Creio que estamos a falar sobretudo de uma actividade que preza pelo anonimato e pela auto-flagelação suicidária dos autores materiais que a praticam. Creio que estamos a falar de uma actividade que estimula um tipo de violência com efeitos drásticos e alvos, ao invés de selectivos, completamente desconcertantes (anónimos, estudantes, transeuntes, passageiros, etc.). Creio que estamos a falar de um actividade que pretende instalar uma alteração súbita e alarmante no estado de coisas, sem ter em conta os meios e os propósitos. Creio que estamos a falar de uma intensidade gratuita em que o terror remete para próprio terror, sem que se constitua, ele mesmo, como sintoma real de uma causa explícita. Creio, por fim, que estamos a falar de uma actividade que é tudo menos a expressão e a emanação (ainda que defensiva) de um estado livre e democrático.
E tudo isto, em segundo lugar, sem pôr minimamente em causa o legítimo direito dos palestinos a uma terra e a um estado.

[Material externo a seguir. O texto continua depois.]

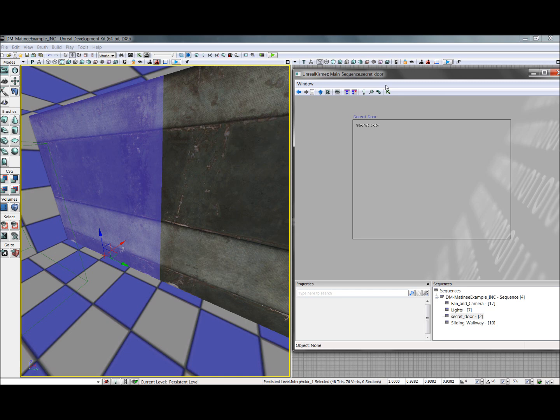For these videos I'll be using the May 2011 build of the UDK, and I will be assuming you're already familiar with the basic Matinee interface. If not, my partner Devin has created a video tutorial, a link to which will be in the description.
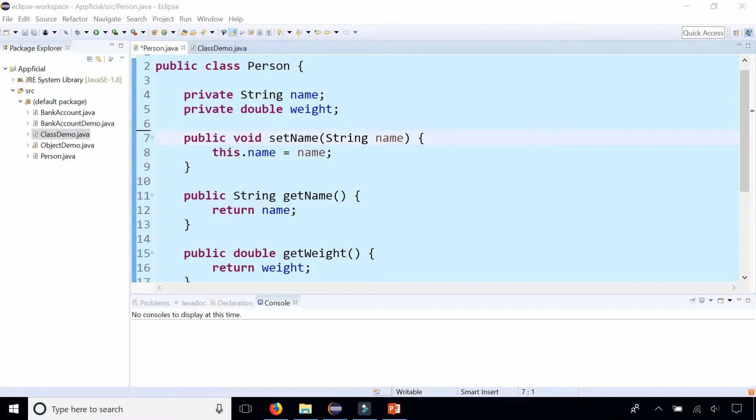In this class called Person, we have two instance fields, name and weight, and I have getter and setter methods for them.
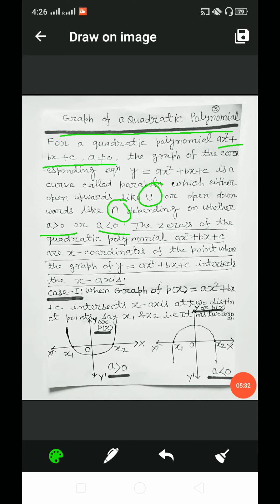The following three cases can happen when the graph of y = ax² + bx + c is plotted. Case 1: when the graph intersects the x-axis at two distinct points, say x₁ and x₂, i.e., it has two zeros.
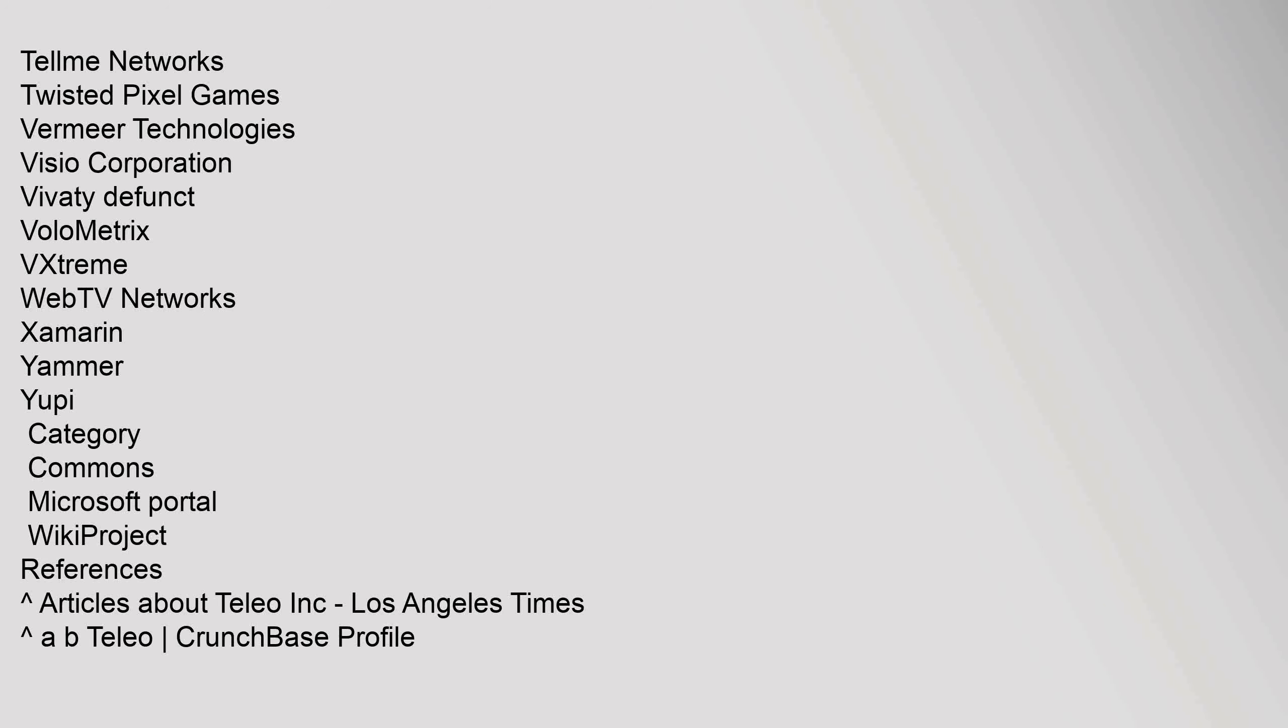References: Articles about Telio Inc., Los Angeles Times, Telio Crunchbase Profile, nytimes.com/2005/08/31/technology/31soft.html. Microsoft Acquires Telio Innovative VoIP Technology Company. External links: microsoft.com/en-us/news/press/2005/aug05/08-30MSandTeleo.aspx.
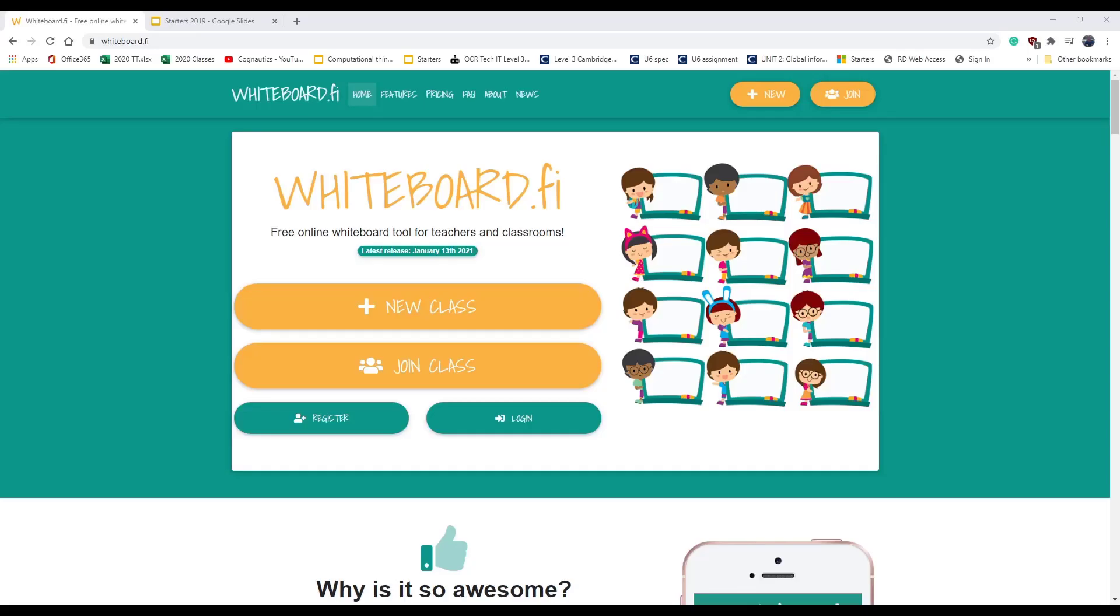Hi there, this is a video about whiteboard.fi, which is an online free piece of software. There's also a paid version with some more tools, but it's a piece of software that allows you to create digital whiteboards. It works a little bit different from some of the other packages.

Em terceiro lugar, diria que é devido a esta série de ponderações que a expressão “terrorismo de estado” me parece, de facto, constituir uma designação completamente falaciosa no caso concreto em que é utilizado: o de Israel (apesar de se poder discordar, o que é legítimo, da nevropática governação de Sharon). A expressão “terrorismo de estado” é própria de quem vê apenas com um olho o mundo à sua volta. Com dois olhos bem abertos, sabemos todos que houve terrorismo de estado no caso da URSS e que ainda existe hoje no caso da Coreia do Norte. Como houve no Chile e na Argentina das ditaduras militares. E em todos os fascismos. Nas últimas horas - i.e., no momento da agonia política de Arafat -, a expressão “terrorismo de estado” está a vulgarizar-se, a banalizar-se e a perder intencionalmente o sentido, quando todos sabemos o que ela realmente imputa. O uso dessa expressão está já a tornar-se num recorrente lugar-comum e não pode deixar de traduzir, directa ou indirectamente, aquilo que é uma infeliz e indelével marca dos novos anti-semitismos.
Iria mesmo mais longe: o objectivo do terrorismo é puramente aniquilar e tem como ponto de partida, neste caso concreto, a não aceitação radical da própria existência do estado de Israel. Esse objectivo é servido por bombas, mas também por expressões deliberadamente vulgarizadas, trivializadas, repetidas até à exaustão e transformadas em arma conotativa de tal modo que, de tantas vezes repetidas, acabam por criar o simulacro de uma verdade. Uma verdade enganadora, intolerante e mesmo letal.